Les jeunes ressortissants sont invités à solliciter plusieurs mois en amont, avec leur département, l'ensemble des documents pertinents, en particulier auprès des services consulaires, documents qui permettront à la préfecture de s'assurer que les conditions de l'admission au séjour seront réunies.
Brièvement, pour respecter les injonctions du président et le temps qui m'est accordé, sachez que la question de la sécurisation de la phase d'évaluation conditionnera également ce qui se passera au moment de l'accès à la majorité.

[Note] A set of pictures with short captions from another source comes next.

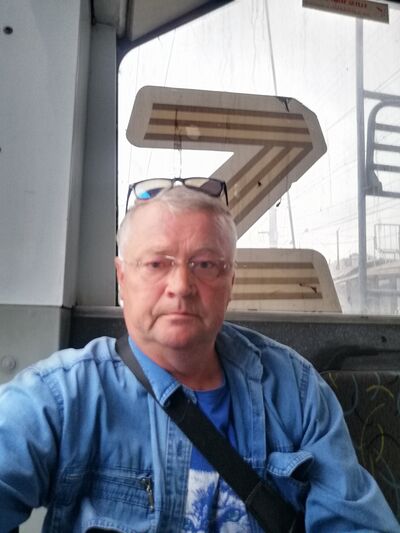  ,   , 52 ,   ,   , c , 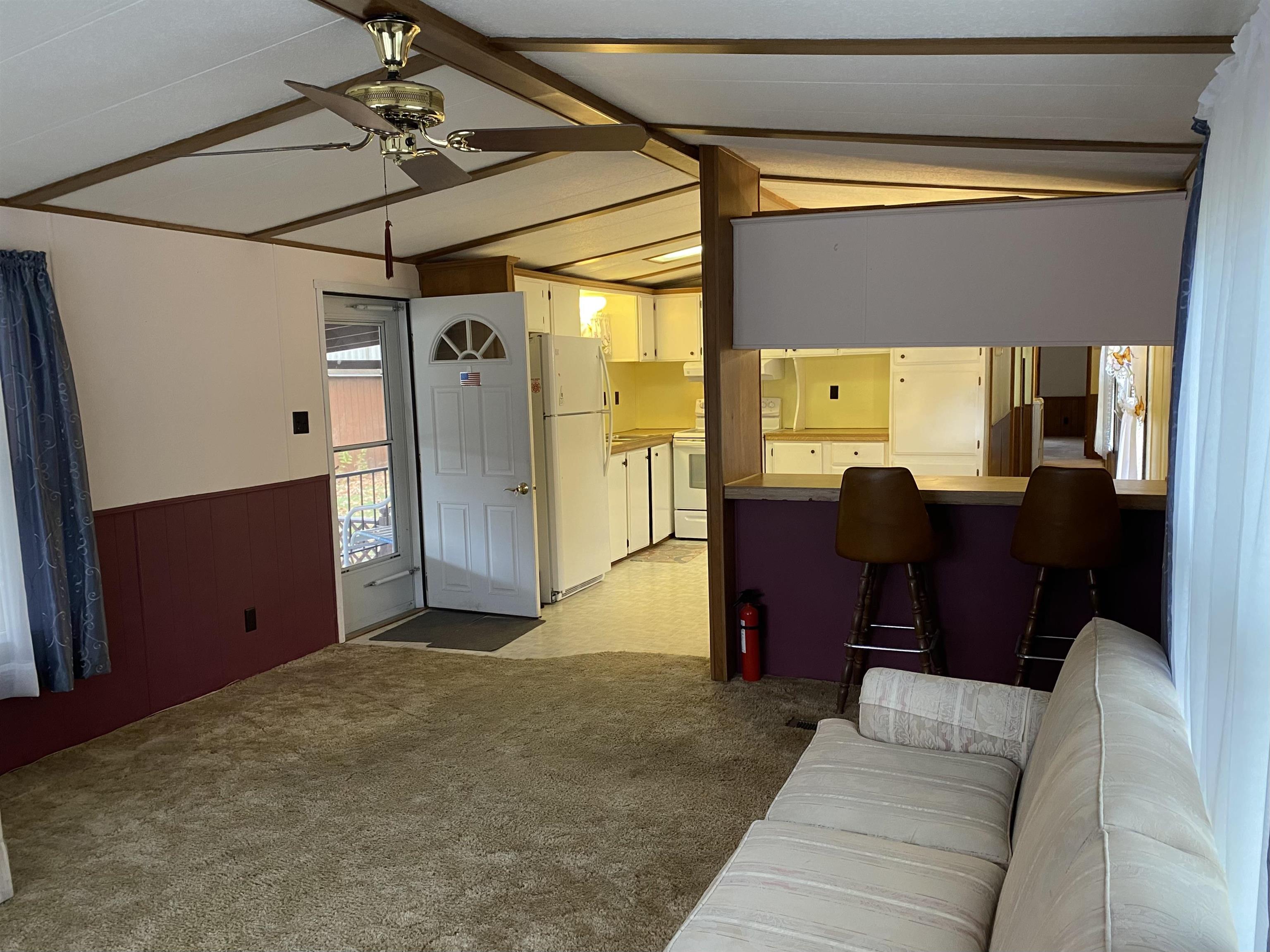 MLS #5065956 image #10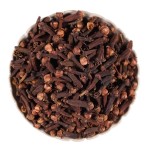 Chinese Herb Factory - Guangxi Male Lilac Pure Natural Dried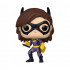 FUNKO POP DC COMICS GOTHAM KNIGHTS
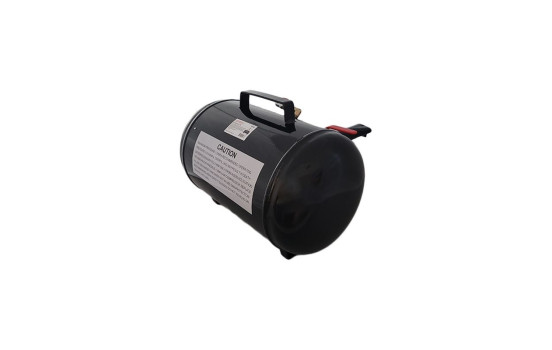 Tire Cannon 18L, Image 3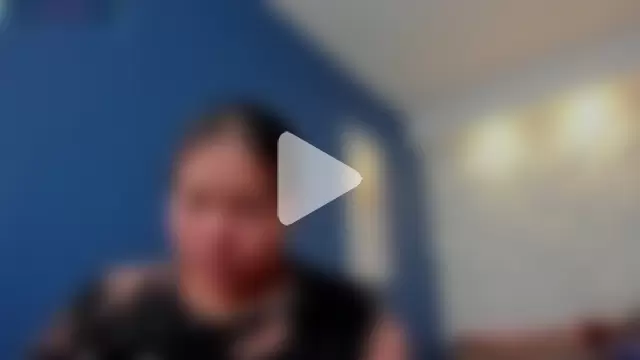 freya_cole_ photo 23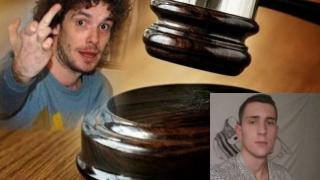 Убиецът на Милен Цветков и Явор Бахаров изнагляха! Посякоха ги жестоко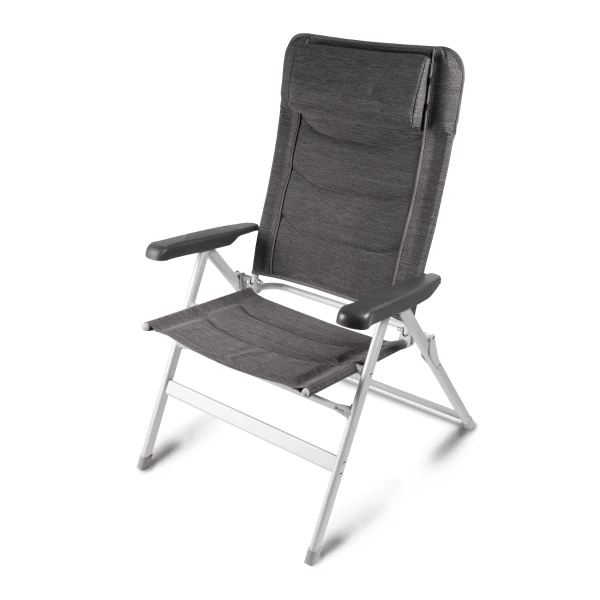 Dometic Luxury Plus Chair - Modena 3 Dometic Luxury Plus Chair - Modena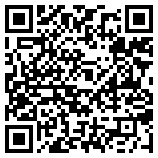 QR Code for Emulex in San Jose, CA 95134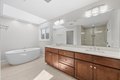 Additional image 19 of 596 South St, Shrewsbury, MA, 01545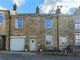 Thumbnail Cottage for sale in Lodge Mill Lane, Edenfield, Ramsbottom, Bury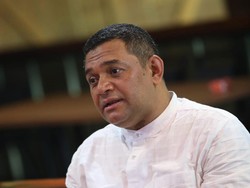 Pakar Tata Negara: Putusan MK Ubah Masa Jabatan Pimpinan KPK Multitafsir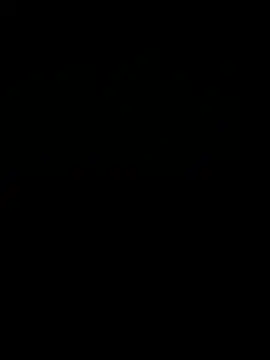 hairylittledic online show from 06.11.26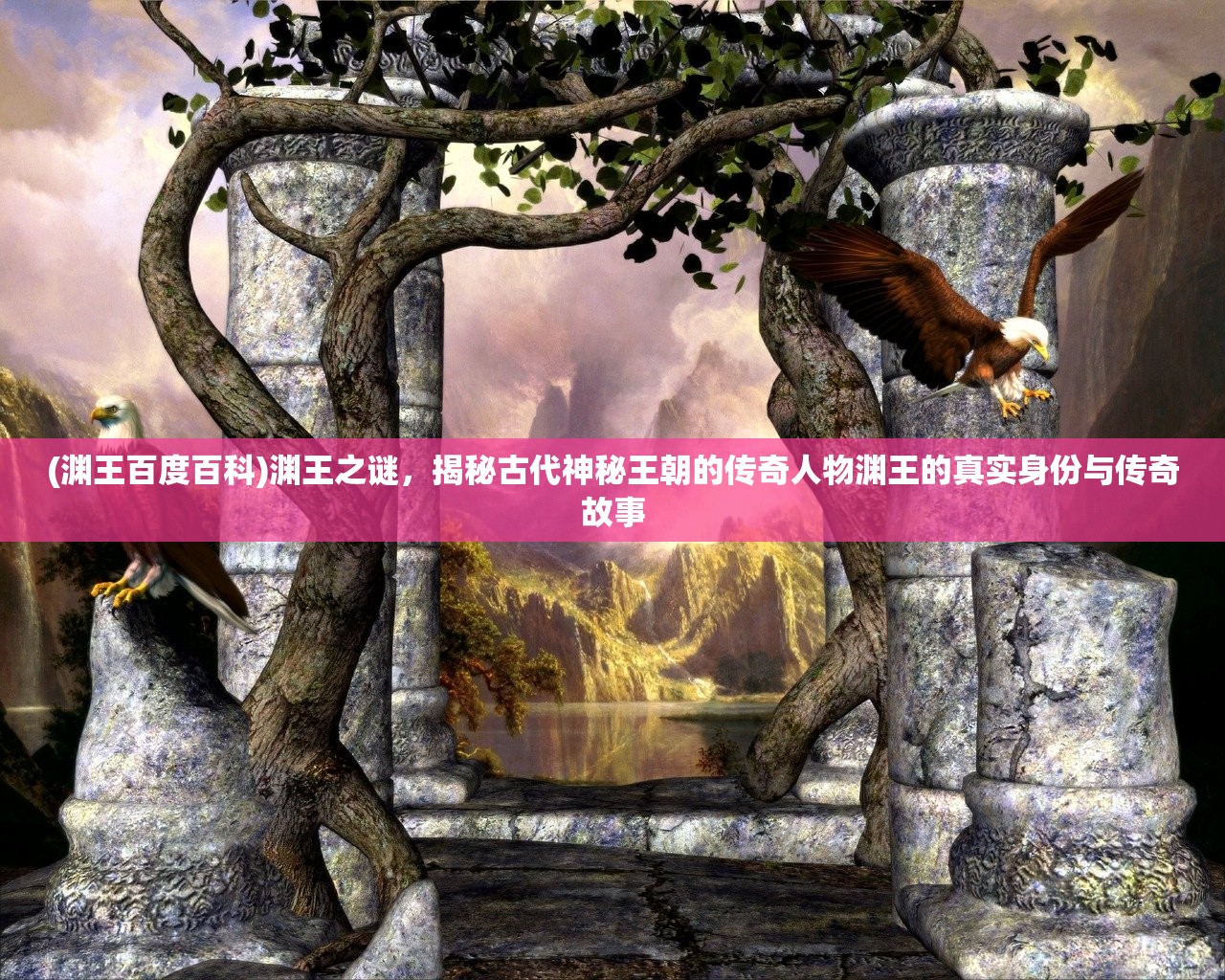(钢铁骑土)BTX钢铁骑兵，一部融合科幻与战争的视觉盛宴，共几部？深度解析与FAQ解答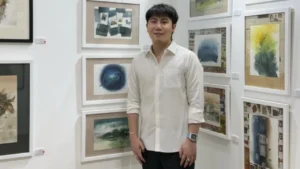 ยังไร้เงา แทนไท มอบตัว DSI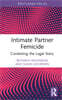 Intimate Partner Femicide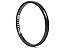 ARO ODYSSEY ODYSSEY HAZARD LITE 32MM UNIDADE - Imagem 1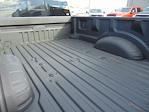 2026 Ford F-350 Crew 4WD Lariat for sale #TED55503 - photo 13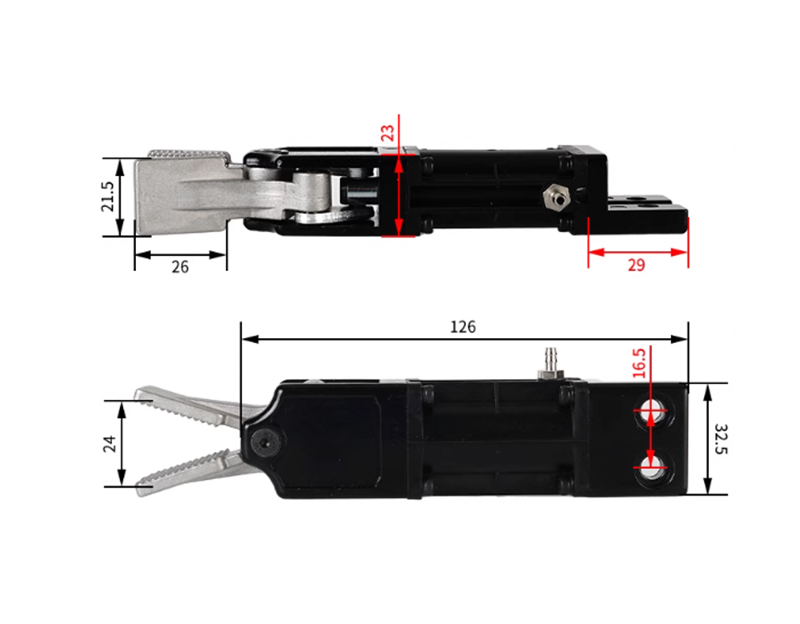 robot-hand-fixture-chk-cs18-c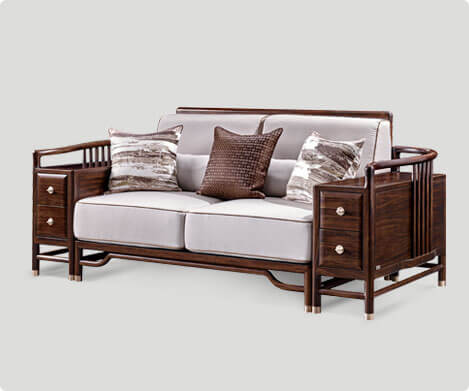 1624958589277976.jpg 天都點擊圖片2.jpg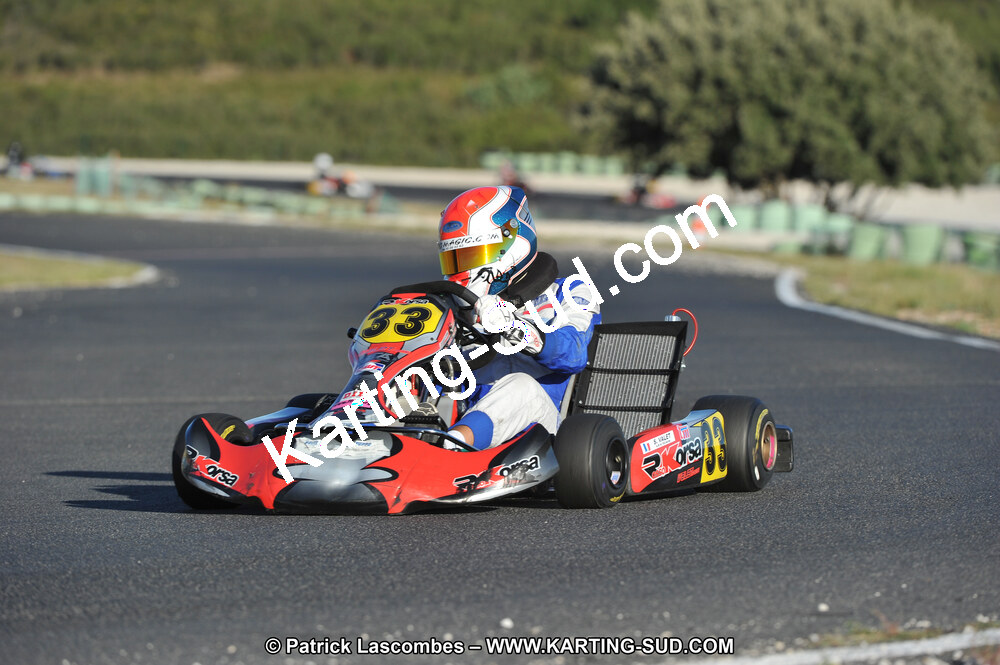 27&28/08/2011 : 5ème Coupe de l’amitié à Grabels (Photos Patrick Lascombes) 2011 — karting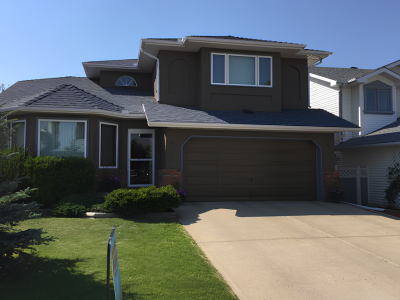 exterior-painting-in-calgary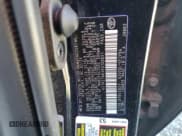 ✅ 2024 Toyota Camry TRD • VIN: 4T1KZ1AK4RU100821 • Lot: 86328445. Listed on Copart with 23,906 mi. Free auction sales archive from the USA and detailed vehicle history report at DreamBid. Image 12.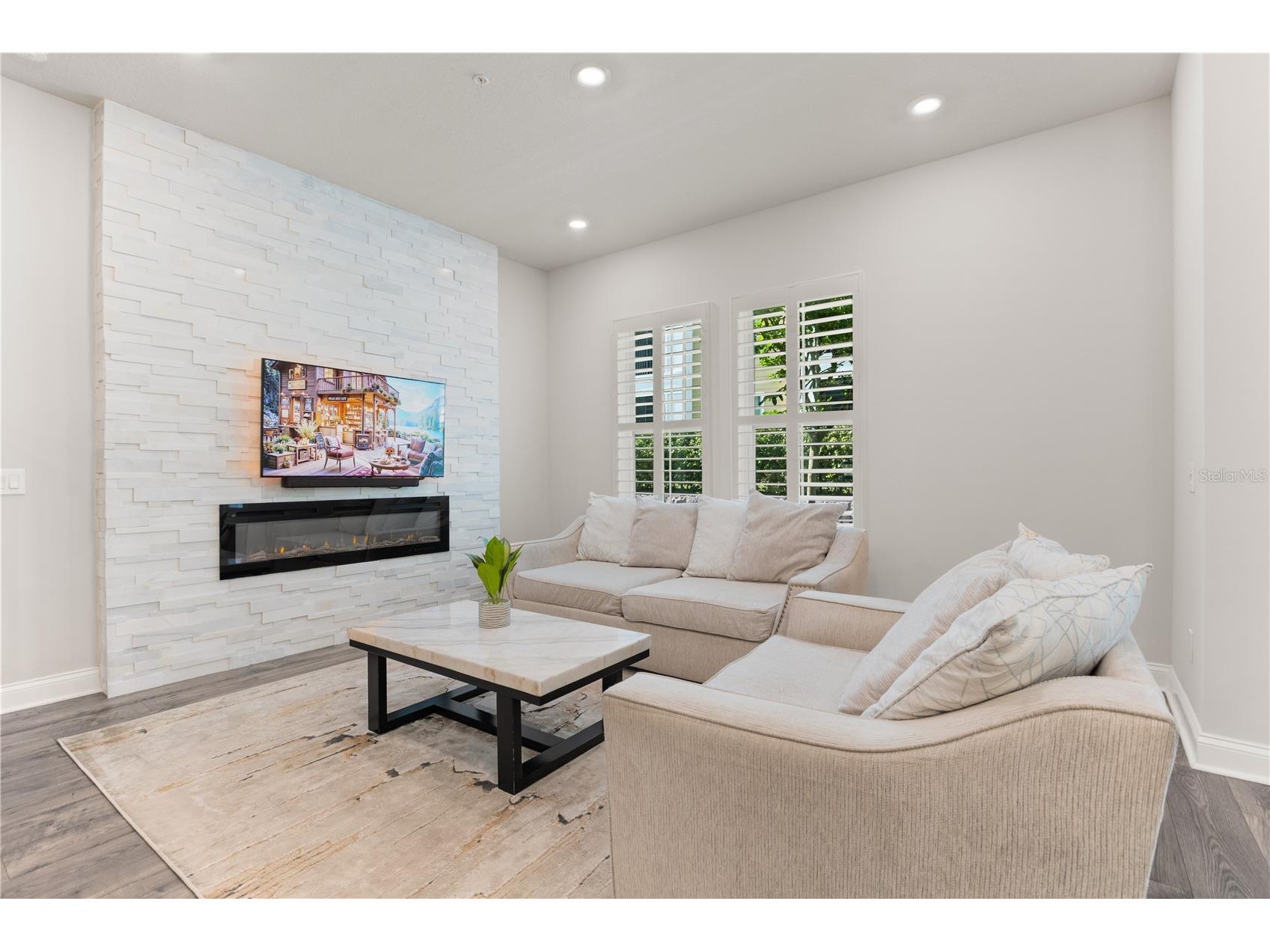 934 Wild Date Lane Lake Mary FL 32746 O6405500 image4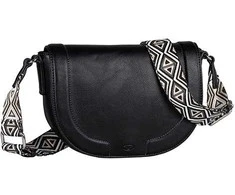 Tom Tailor Dámská crossbody kabelka Nani 011398
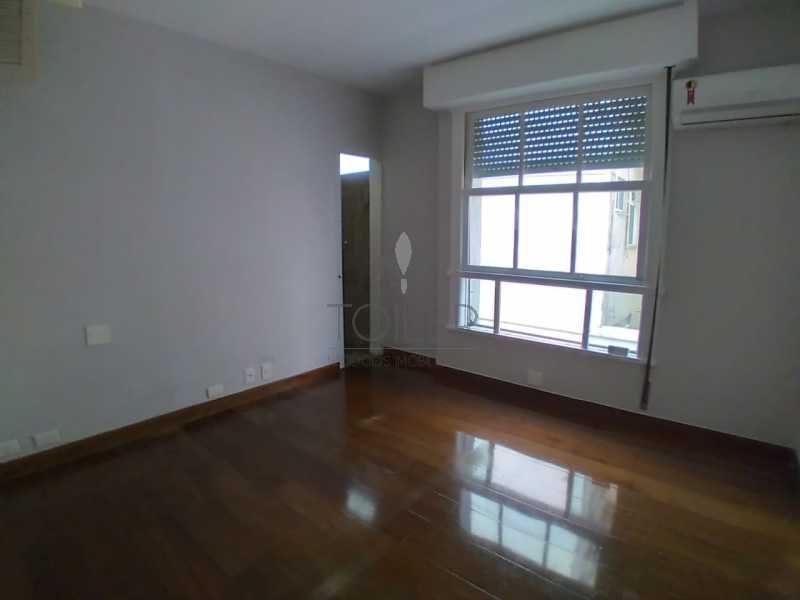 Conheça 10. do imóvel - Apartamento para venda e aluguel Avenida Vieira Souto,Ipanema, Rio de Janeiro - R$ 11.000.000 - IP-VS4019 - 11 10. - Apartamento para venda e aluguel Avenida Vieira Souto,Ipanema, Rio de Janeiro - R$ 11.000.000 - IP-VS4019 - 11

L'utilisation du fichier d'appui à l'évaluation de la minorité, dont je sais qu'il a pu susciter certains débats, même s'il a aujourd'hui été adopté par une très grande majorité de départements – seulement une dizaine d'entre eux n'y ont pas recours – fait partie de la sécurisation de l'évaluation de la minorité qui rend plus facile, ensuite, l'acceptation de la reconnaissance de la majorité et la possibilité de délivrer un titre de séjour.
Je vous remercie pour votre réponse, monsieur le secrétaire d'État. Permettez-moi de vous citer un cas concret. Vous savez qu'à leur majorité, les jeunes suivis par l'aide sociale à l'enfance peuvent signer un « contrat jeune majeur » qui leur permet de bénéficier d'un soutien financier. On m'a expliqué que, pour que cette aide leur parvienne, ils devaient transmettre leur relevé d'identité bancaire. Seul problème : pour ouvrir un compte bancaire, il faut disposer de papiers d'identité ! On n'arrive décidément pas à sortir de situations qui sont pourtant totalement catastrophiques.
Prochaine séance, cet après-midi, à quinze heures :
Questions au Gouvernement ;
Présentation du rapport annuel de la Cour des comptes ;
Débat sur la politique du Gouvernement en faveur des associations.
La séance est levée.
La séance est levée à douze heures vingt.